The hardware and bandwidth for this mirror is donated by METANET, the Webhosting and Full Service-Cloud Provider.
If you wish to report a bug, or if you are interested in having us mirror your free-software or open-source project, please feel free to contact us at mirror[@]metanet.ch.

Getting Started with orcidtr

Introduction

orcidtr provides a modern, user-friendly interface to the ORCID public API. ORCID (Open Researcher and Contributor ID) is a persistent digital identifier for researchers that connects researchers with their professional activities. This package allows you to programmatically fetch:

All functions return structured data.table objects for efficient data manipulation and analysis.

Installation

# Install from CRAN (when available)
install.packages("orcidtr")

# Or install development version from GitHub
# install.packages("pak")
pak::pak("lorenzoFabbri/orcidtr")

Basic Usage

Fetching Researcher Information

Let’s start by fetching basic biographical information for a researcher. We’ll use Hadley Wickham’s ORCID as an example:

library(orcidtr)

# Fetch complete person data
person <- orcid_person("0000-0003-4757-117X")
print(person)

# Fetch just the biography
bio <- orcid_bio("0000-0003-4757-117X")
print(bio$biography)

# Fetch research keywords
keywords <- orcid_keywords("0000-0003-4757-117X")
print(keywords)

Employment and Education History

# Fetch employment history
employments <- orcid_employments("0000-0003-4757-117X")
print(employments[, .(organization, role, city, country, start_date, end_date)])

# Fetch education records
education <- orcid_educations("0000-0003-4757-117X")
print(education[, .(organization, role, start_date, end_date)])

Research Outputs

# Fetch publications and other works
works <- orcid_works("0000-0003-4757-117X")

# Display summary
cat(sprintf("Total works: %d\n", nrow(works)))
cat(sprintf("Journal articles: %d\n", sum(works$type == "journal-article", na.rm = TRUE)))

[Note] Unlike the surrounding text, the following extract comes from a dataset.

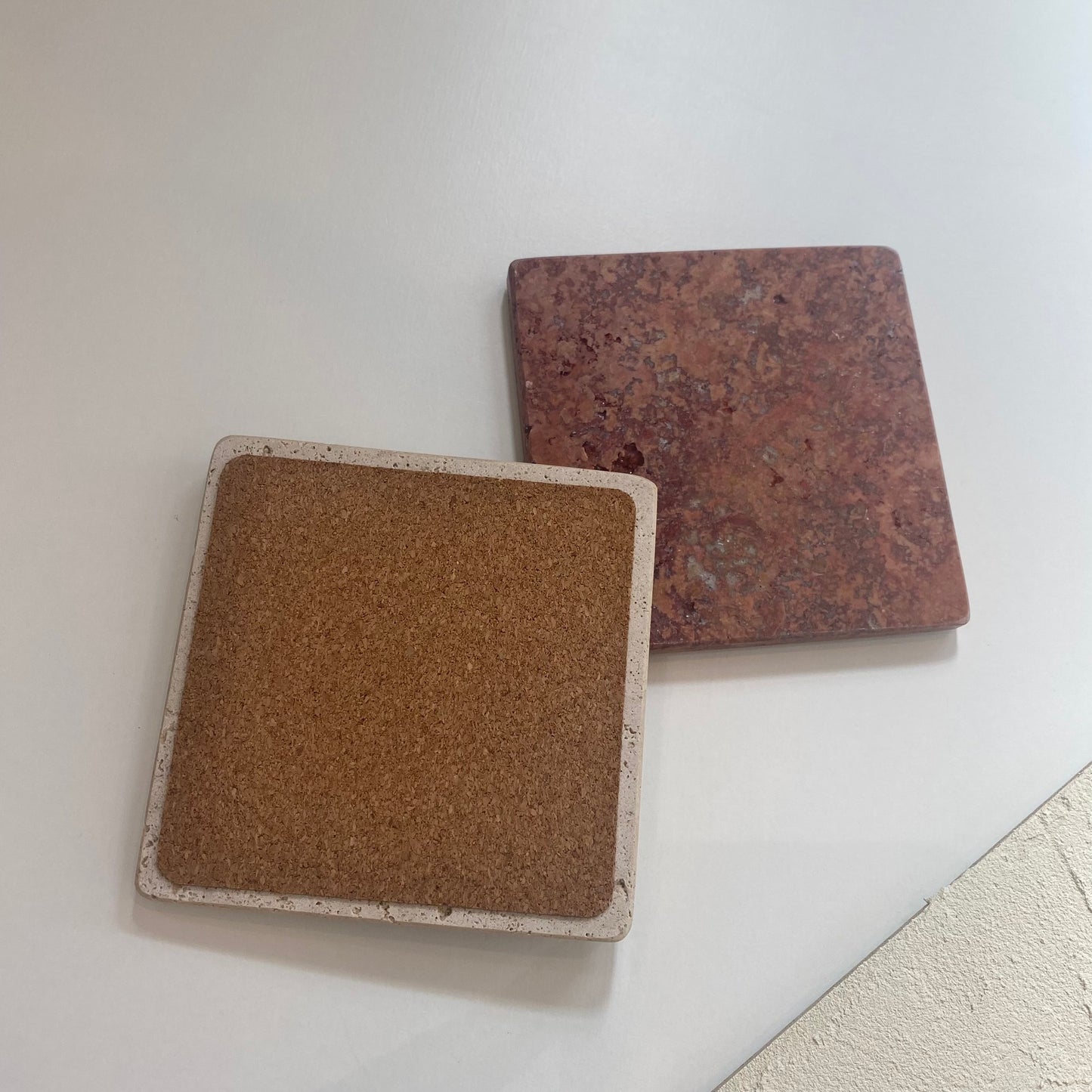 【即納品】柄少なめ　stone display ベージュ　LVS801BE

# View recent publications
recent_works <- works[order(-publication_date)][1:5, .(title, type, publication_date, doi)]
print(recent_works)

# Fetch funding information
funding <- orcid_funding("0000-0003-4757-117X")
if (nrow(funding) > 0) {
  print(funding[, .(title, organization, start_date, amount, currency)])
}

# Fetch peer review activities
reviews <- orcid_peer_reviews("0000-0003-4757-117X")
if (nrow(reviews) > 0) {
  cat(sprintf("Total peer reviews: %d\n", nrow(reviews)))
}

Professional Activities

# Fetch distinctions and awards
distinctions <- orcid_distinctions("0000-0003-4757-117X")
if (nrow(distinctions) > 0) {
  print(distinctions[, .(organization, role, start_date)])
}

# Fetch professional memberships
memberships <- orcid_memberships("0000-0003-4757-117X")
if (nrow(memberships) > 0) {
  print(memberships[, .(organization, role, start_date, end_date)])
}

# Fetch all affiliations types
invited_positions <- orcid_invited_positions("0000-0003-4757-117X")
qualifications <- orcid_qualifications("0000-0003-4757-117X")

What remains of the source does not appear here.